Distributions of Z-scores for all assays from 4 representative technologies, 2 cell-free (NVS_NR, NVS_ADME) and 2 cell-based (ATG_TRANS and BSK_up). Each histogram bar represents the number of assay-active chemicals in a particular Z-score range (AC50s transformed to Z-score based on cytotoxicity threshold for a particular chemical, equation 1), and the y-axis is scaled to the maximum number of hits in each case. The left hand column contains data for the cytotoxic chemicals (n = 529, ≥2 cytotoxicity assays hit), whereas the right hand contains data for the non-cytotoxic chemicals (n = 531, <2 cytotoxicity assays hit).

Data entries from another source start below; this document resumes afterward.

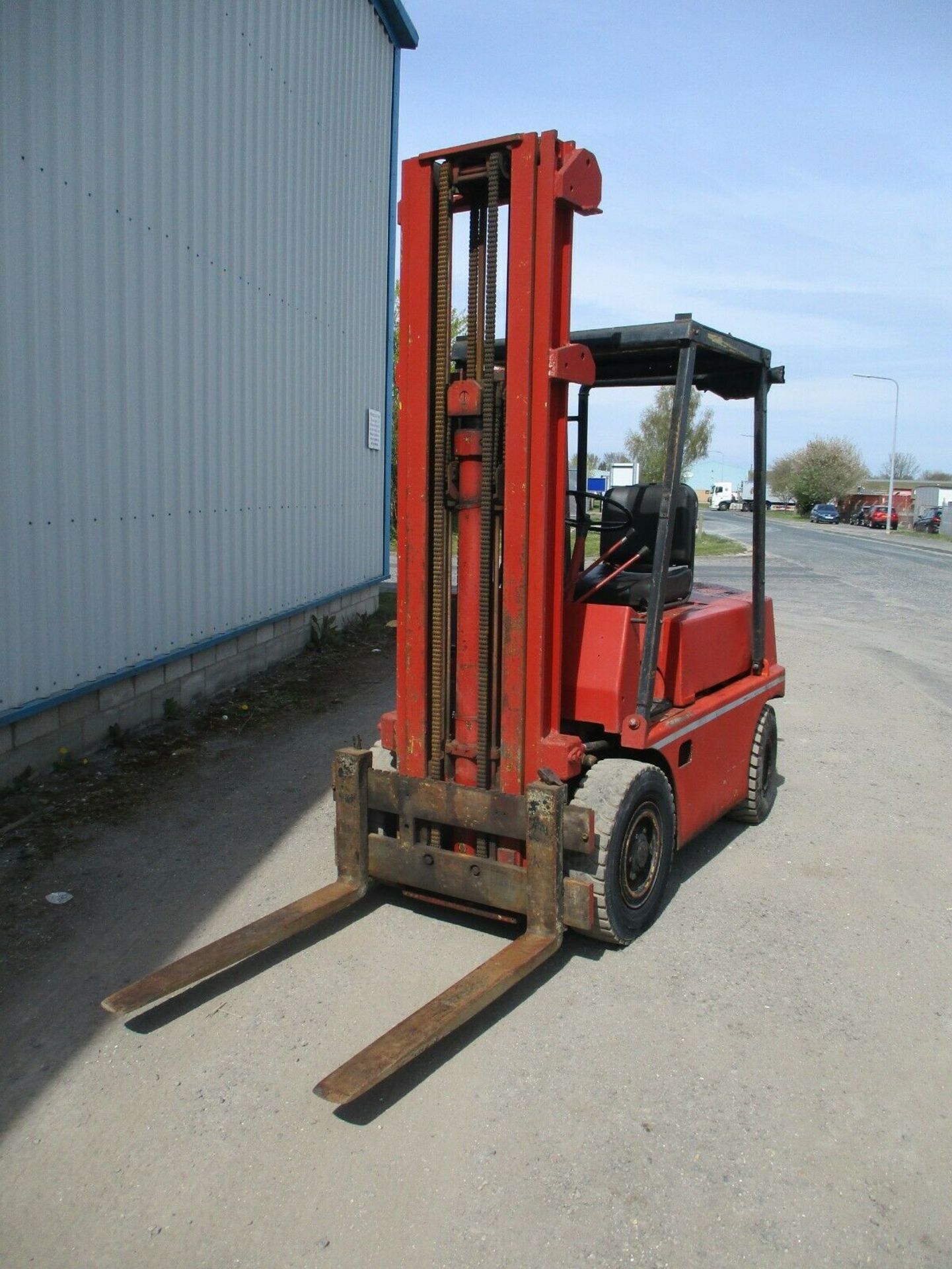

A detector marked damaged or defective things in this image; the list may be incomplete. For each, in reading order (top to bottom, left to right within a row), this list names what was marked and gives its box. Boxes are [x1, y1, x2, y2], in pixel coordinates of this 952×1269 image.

rusty fork tine [103, 878, 365, 1015]
rusty fork tine [316, 925, 560, 1105]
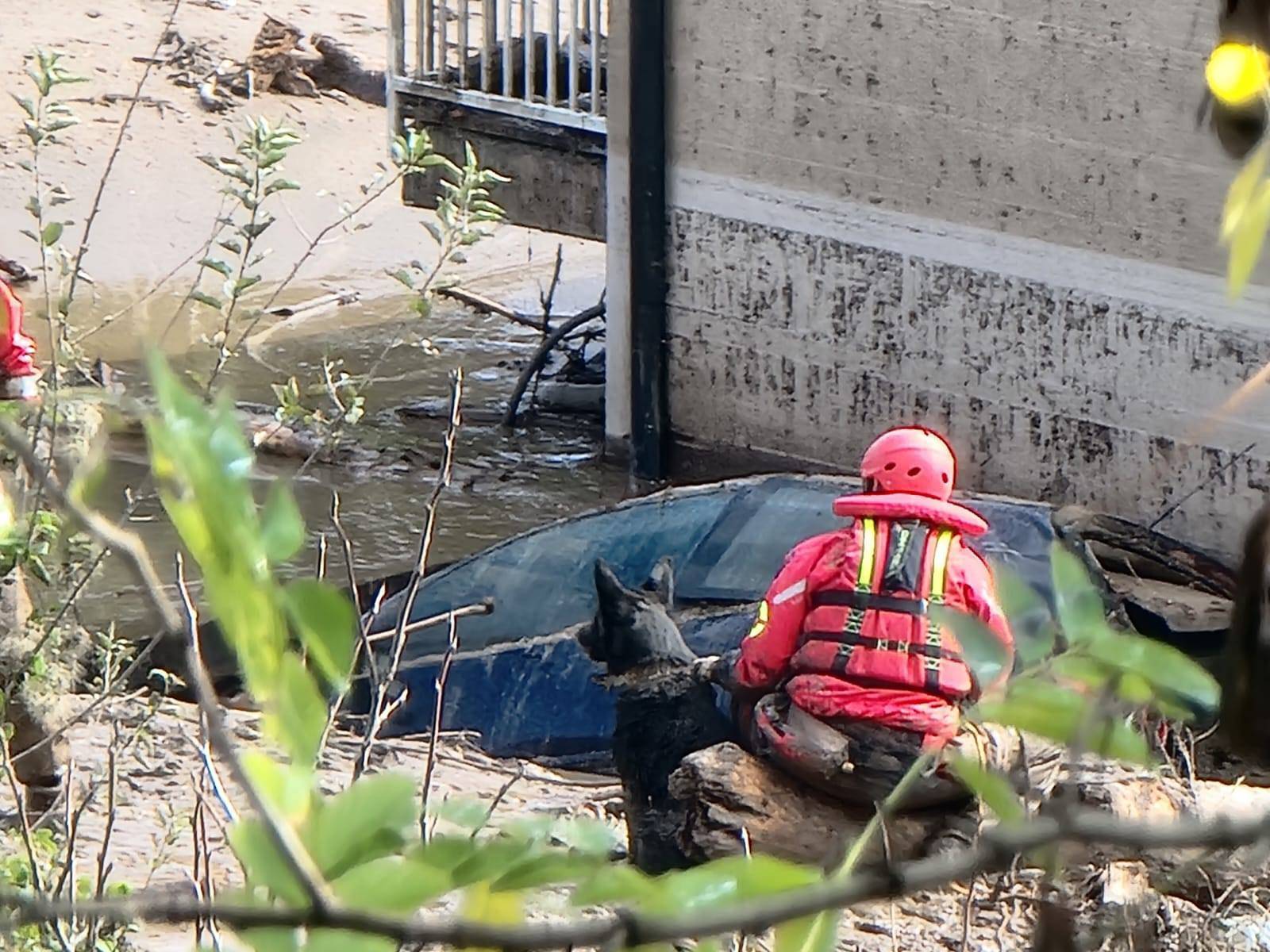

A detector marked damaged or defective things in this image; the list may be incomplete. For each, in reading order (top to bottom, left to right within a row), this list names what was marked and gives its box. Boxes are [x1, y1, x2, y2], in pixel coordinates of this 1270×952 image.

overturned vehicle [352, 473, 1238, 771]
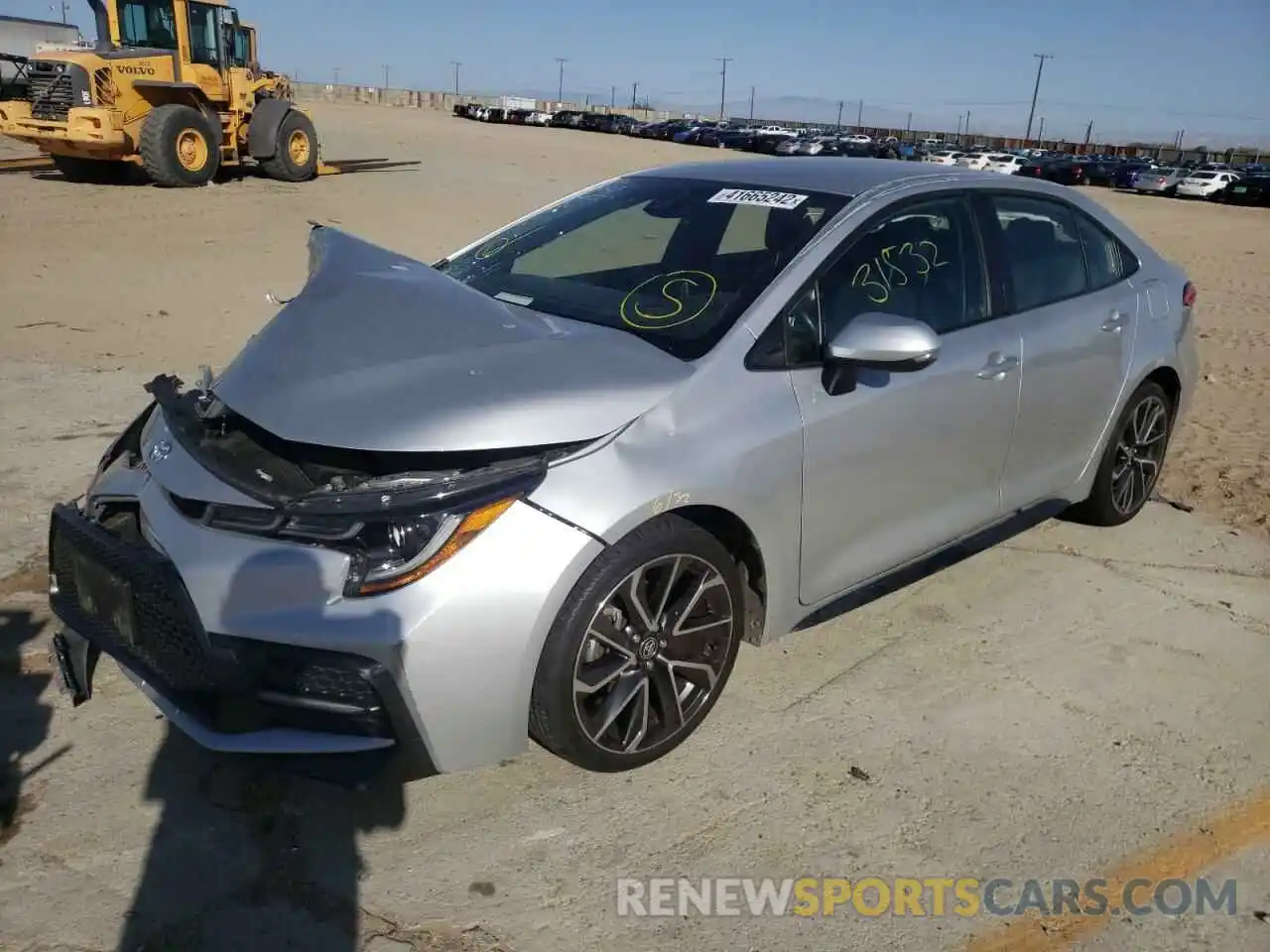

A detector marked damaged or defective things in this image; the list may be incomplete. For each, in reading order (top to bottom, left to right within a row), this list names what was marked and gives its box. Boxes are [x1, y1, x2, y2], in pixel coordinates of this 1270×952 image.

The lines are placed at Z = 0 and 3. Plots for all technologies are given in Supplementary Data.

FIG. 4.

Boxplots showing the fraction of assays per chemical with Z > 3 (High-Z, left) and Z < 3 (Low-Z, right) in the aggregated use categories. The number at the top of each column is the number of chemicals in each group. Below that is the t-test P-value comparing the distribution of hit-fractions for each group versus the Food category. In all cases except for Solvents in the High-Z plot, all groups were more active than the Food group. NS indicates that there was no statistically significant difference. In each boxplot, the median is indicated by the dark horizontal line; the second and third quartiles by the box; the 95th percentile by the whiskers; and outliers by the circles.

FIG. 5.

Heatmap of activity in the 64 cytotoxicity and cell stress response assays. The ordering of assays was fixed as shown, but chemicals were hierarchically clustered. The top color bar indicates the total number of assays hit by a chemical: blue (<10), green (<50), yellow (<100), orange (<150), and red (>150). The color code in the heatmap is: no activity (white), activity with Z < 3 (light red), and activity with Z > 3 (dark red/brown).

FIG. 6.

Analysis of hit-frequency in cell-based versus cell-free assays: Each circle show the information for a single chemical where the x and y values are the fraction of assays in the cell-free and cell-based classes, respectively. The diagonal line shows a 1:1 ratio. Points are colored as indicated in the legend. The text discusses the named chemicals.